Has anyone used Brown malt before ? What is its flavour profile ? Or even is there a suitable subsititute for it (that I may already have in my inventory ) ? Wes ??

A bit of background, I'm gathering the ingredients to brew Denny Conn's Bourbon Vanilla Imperial Porter and he lists 0.75kg of brown malt.

BTW, ESB do list Brown malt from Thomas Fawcett.

Beers,
Doc


----------



## AndrewQLD (6/5/04)

Hi Doc,

Ive got about 5 kilo of brown malt that I ordered by mistake. After posting on several sites the majority of replies were "beware this malt leaves harsh flavors" beersmith says this"Imparts a dry, biscuit flavor. Used in nut brown ales, porters and some Belgian ales."

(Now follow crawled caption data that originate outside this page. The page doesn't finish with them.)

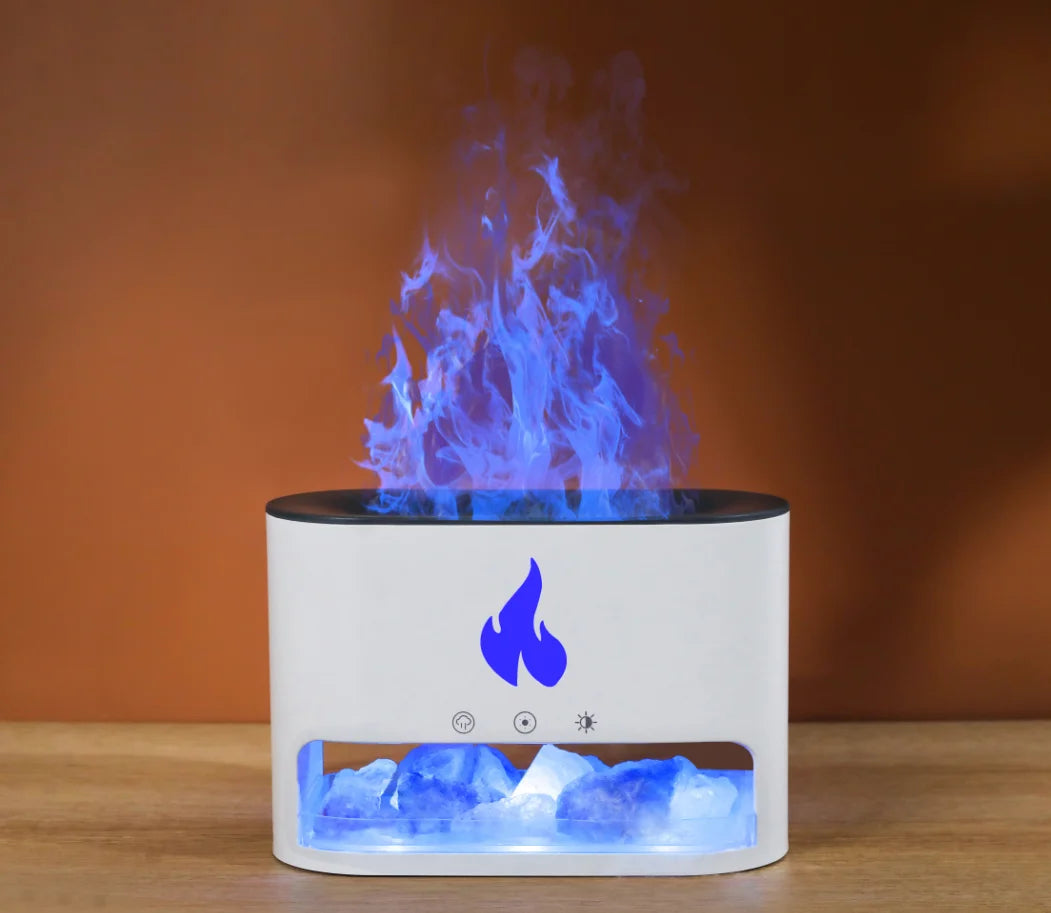 Flame Essential Oils Scent Defuser Ultrasonic Cool Mist Led Simulation 3D Fire Flame Effect Aroma Air Humidifiers Diffusers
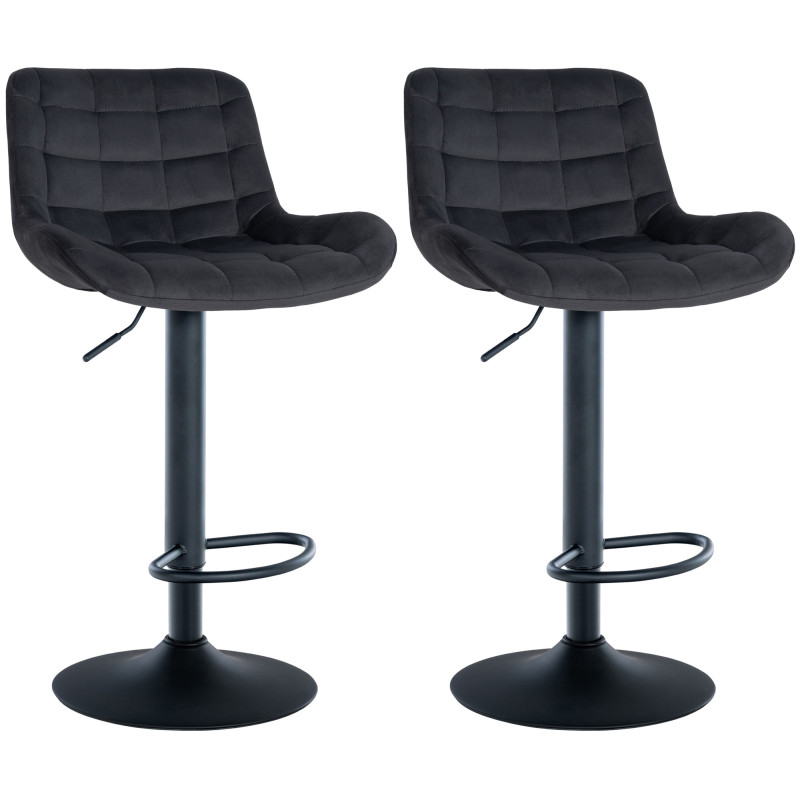 Lot de 2 tabourets de bar Tover en velours noir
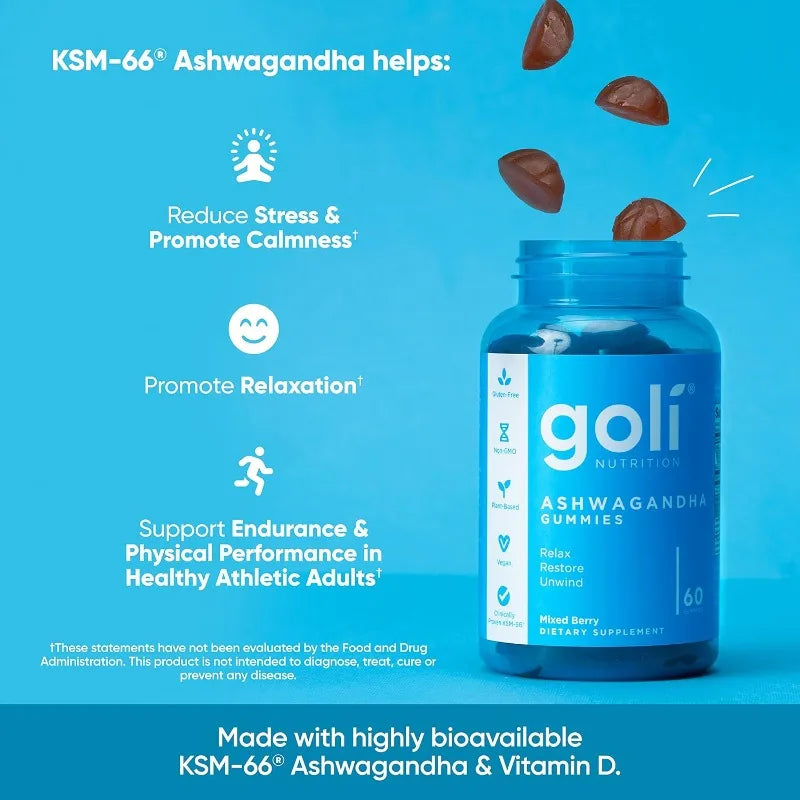 Goli Ashwagandha & Vitamin D Gummy - 60 Capsule - Mixed Berry, KSM-66, Vegan, Plant Based, Non-GMO, Gluten-Free & Gelatin Free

After going and typing all that up I think you had better IGNORE IT, the malt I have is AMBER MALT and beersmith says

"Roasted specialty malt used in some English browns, milds and old ales to add color and a biscuit taste. Intense flavor - so limit use. Low diastatic power so must be mashed with well modified malts."

I used 250g in an IPA and I can't say that I really noticed any harshness.

Sounds pretty similar so if you want a free sample PM me your postal details and I will send some.


----------